This talk presents a blueprint for bringing Dask workloads to HPC grids. We implement an architecture which allows dynamic sharing of compute resources within and between multi-tenant environments where Dask clusters are defined in secure, flexible, and repeatable templates.
Our presentation discusses the challenges associated with running Dask batch and interactive workloads on a multi-tenant HPC cluster. This includes enforcing authentication and authorization of Dask clients and secure communications across all components of Dask applications, as well as enabling dynamic sharing of CPU and GPU resources and safely reclaiming these resources between workloads while a Dask application is running. Additionally, we address the challenges which result from the necessity to synchronize the configuration and deployment of Dask clusters across the grid, ensuring the same package versions are used on all hosts for a given application.
We examine how the proposed architecture and implementation addresses these challenges by introducing a new Dask workload manager component, integrated though authenticated secure communications with Dask clients and schedulers, while using an underlying resource manager to launch and reclaim CPU or GPU Dask workers.

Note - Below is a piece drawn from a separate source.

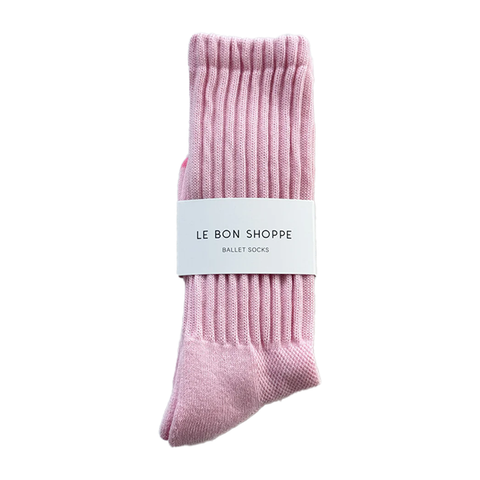 Le Bon Shoppe Ballet Socks Pink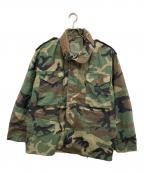 US ARMYユーエスアーミー）の古着「M-65 Field jacket/エムロクゴー フィールドジャケット」｜カーキ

Through a live demonstration, we show how the encapsulation of the Dask workload manager, together with tightly integrated Jupyter servers in a group of distributed long-running grid services, can be configured, deployed, and managed together, to allow for simplified definition, onboarding, and administration of a dynamic multi-tenant Dask environment. This walk-through also illustrates how data scientists can work interactively with Dask on an HPC grid.